__Task statement__: Only the pictures are to be omitted; everything else in the listing must be reproduced exactly.

__Data provided__:
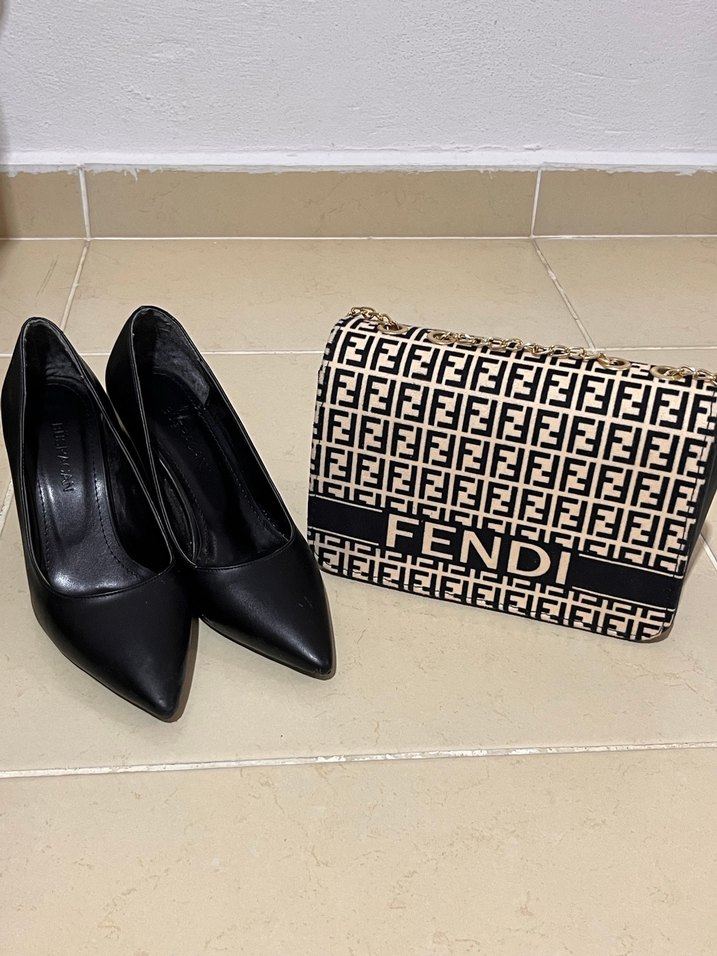 Fendi Zincir Detaylı Kadın El Çantası - Görsel 3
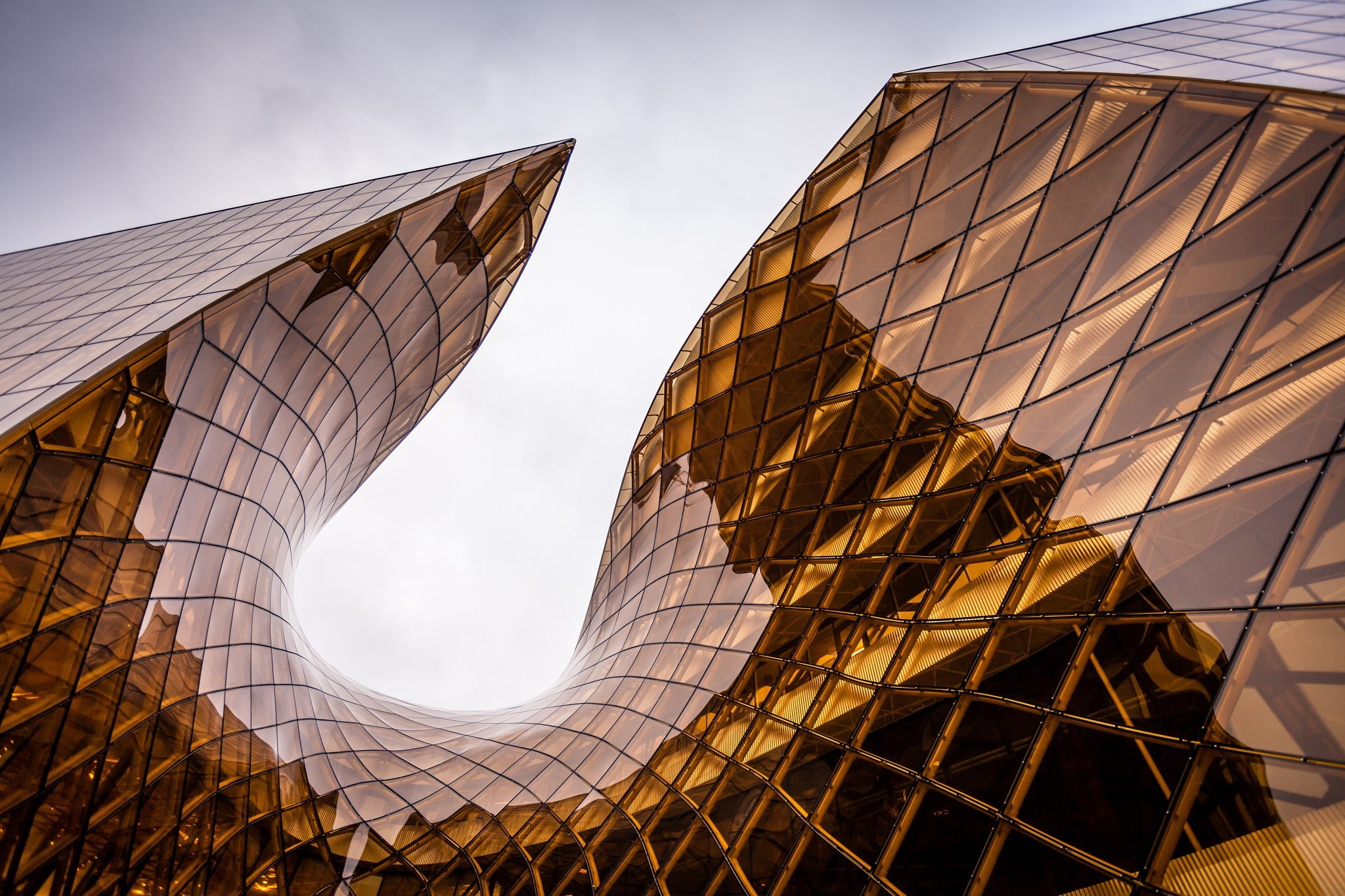 1080P, glass - material, directly below, geometry, outdoors, pattern, sky, built structure, cloud - sky, Overcast, architecture, building, financial district, HD Wallpaper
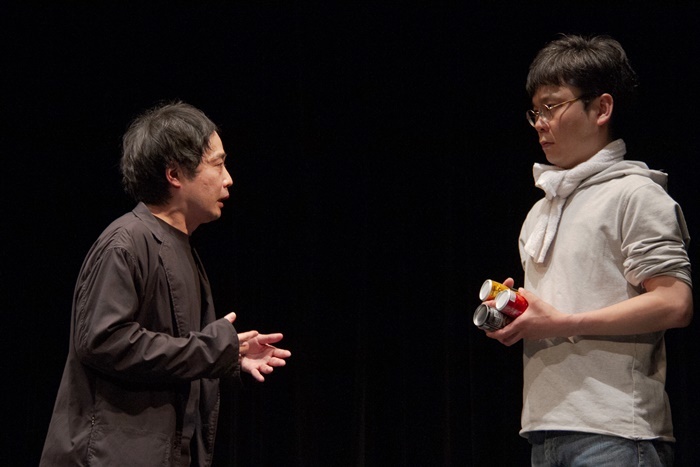 缶々の階『だから君はここにいるのか』【舞台編】  より、三田村啓示（左）と七井悠（右）。 ［撮影］青二才晃
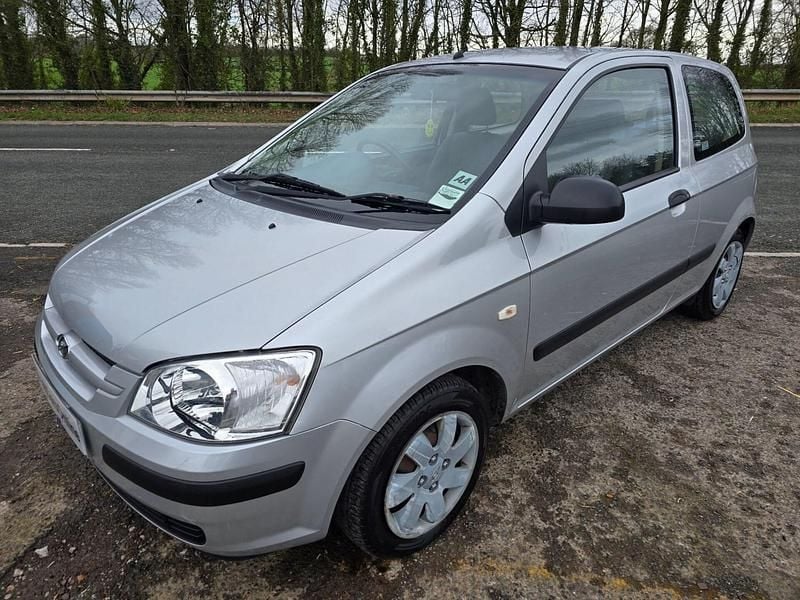 Second-hand Hyundai Getz 2005 Argintiu Hatchback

__Worked solution__:
 Fendi Zincir Detaylı Kadın El Çantası - Görsel 3
 1080P, glass - material, directly below, geometry, outdoors, pattern, sky, built structure, cloud - sky, Overcast, architecture, building, financial district, HD Wallpaper
 缶々の階『だから君はここにいるのか』【舞台編】  より、三田村啓示（左）と七井悠（右）。 ［撮影］青二才晃
 Second-hand Hyundai Getz 2005 Argintiu Hatchback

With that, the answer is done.